When did “uniform” became a substitute for reasonable and warranted? Is an unconstitutional law exempt from scrutiny if it’s broadly applied? Moreover, the Court appears to hold that because some legal entities are engaged in illicit behavior, all legal entities (and their beneficial owners) can be treated as suspects. As S-Corp noted in a previously filed amicus brief, no other federal information-collection statute presents comparable privacy risks without significant protections against abuse.

The court’s casual treatment of serious constitutional concerns may help in the long run. A more rigorous ruling would be less likely to be granted cert, while their treatment of commerce clause and Fourth Amendment concerns is out of synch with the Supreme Court’s current membership.

The path to success just moved forward one step. It would have been better for the Eleventh Circuit to uphold the lower court’s ruling, but either way this issue was headed to the Supreme Court, and the weakness of today’s adverse ruling may be a benefit in the end.

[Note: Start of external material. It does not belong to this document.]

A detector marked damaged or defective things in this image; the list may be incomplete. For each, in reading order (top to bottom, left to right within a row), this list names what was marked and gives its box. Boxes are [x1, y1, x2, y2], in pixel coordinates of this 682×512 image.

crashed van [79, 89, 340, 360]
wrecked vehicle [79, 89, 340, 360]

Meanwhile, the interim final rule issued by FinCEN last spring remains in place. That rule exempted US companies and US citizens from the CTA’s reporting requirements. Treasury has promised to issue final rules within the year (Is that 2025 or twelve months? Not sure.) and S-Corp has been encouraging them to issue the rules and publicly purge the existing database of beneficial ownership information at the same time.  According to FinCEN, about half the targeted 32 million entities filed under the CTA, and that data is still on the CTA’s books. Purge away is what we say.

Today’s reversal is disappointing, but it’s not the end of the story. The limited scope of FinCEN’s current rules combined with continued legislative advocacy and potential Supreme Court review means we have multiple paths forward. Much more to come.